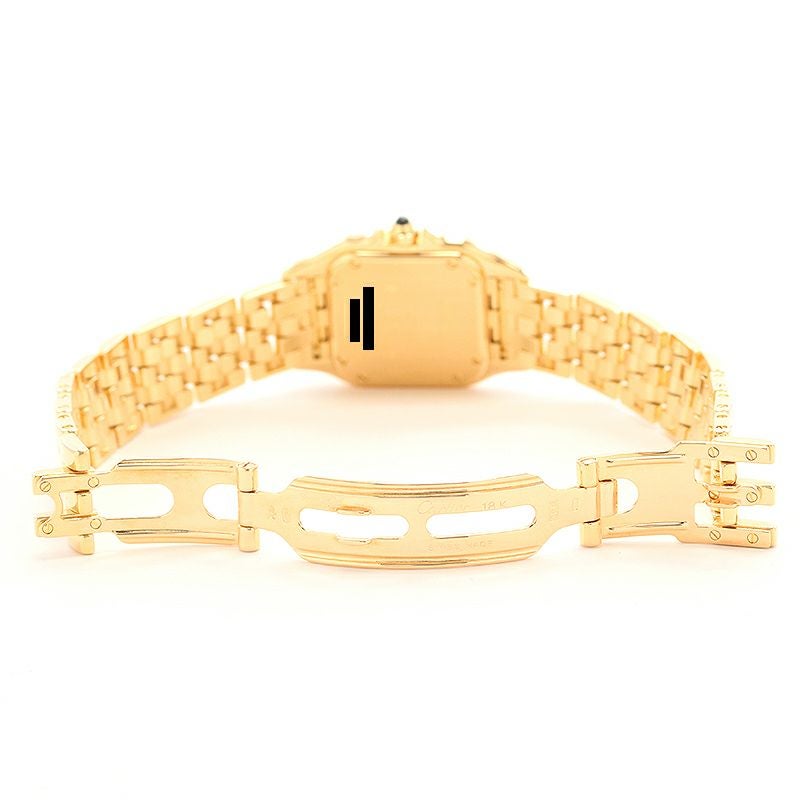 【中古】CARTIER PANTHERE SMALL MODEL カルティエ パンテールSM W25022B9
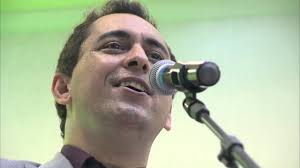 ADRIANO MENDES CASA DE DEUS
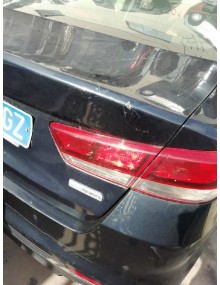 Recambio de piloto trasero derecho interior para kia optima business referencia OEM IAM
--*--
THE PROBLEM: All that belongs in the answer is the exact run of lines from the line containing "ADRIANO MENDES CASA DE DEUS" to the end of the listing above, pictures removed.

ANSWER TO THIS PROBLEM:
 ADRIANO MENDES CASA DE DEUS
 Recambio de piloto trasero derecho interior para kia optima business referencia OEM IAM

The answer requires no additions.